──────── Listed entries ────────
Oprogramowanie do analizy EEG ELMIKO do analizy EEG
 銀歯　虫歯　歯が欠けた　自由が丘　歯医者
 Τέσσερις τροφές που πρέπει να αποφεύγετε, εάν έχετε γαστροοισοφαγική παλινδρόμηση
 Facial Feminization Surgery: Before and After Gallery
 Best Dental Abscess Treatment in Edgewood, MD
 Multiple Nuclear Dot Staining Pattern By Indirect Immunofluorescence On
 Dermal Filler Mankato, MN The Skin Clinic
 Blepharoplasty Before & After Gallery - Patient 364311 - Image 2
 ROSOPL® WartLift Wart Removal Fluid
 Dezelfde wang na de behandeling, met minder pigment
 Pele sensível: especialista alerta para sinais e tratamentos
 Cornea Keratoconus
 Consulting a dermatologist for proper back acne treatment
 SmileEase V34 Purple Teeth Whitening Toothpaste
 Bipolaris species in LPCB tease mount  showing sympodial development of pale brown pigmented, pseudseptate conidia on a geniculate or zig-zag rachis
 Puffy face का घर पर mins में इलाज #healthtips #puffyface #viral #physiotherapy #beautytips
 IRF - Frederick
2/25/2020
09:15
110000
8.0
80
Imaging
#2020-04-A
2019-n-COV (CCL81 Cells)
────────
- _What is being asked_: The required output is every line above from the one with "銀歯　虫歯　歯が欠けた　自由が丘　歯医者" down to the one with "Best Dental Abscess", restated word for word, ends included.

- _Expected output_:
 銀歯　虫歯　歯が欠けた　自由が丘　歯医者
 Τέσσερις τροφές που πρέπει να αποφεύγετε, εάν έχετε γαστροοισοφαγική παλινδρόμηση
 Facial Feminization Surgery: Before and After Gallery
 Best Dental Abscess Treatment in Edgewood, MD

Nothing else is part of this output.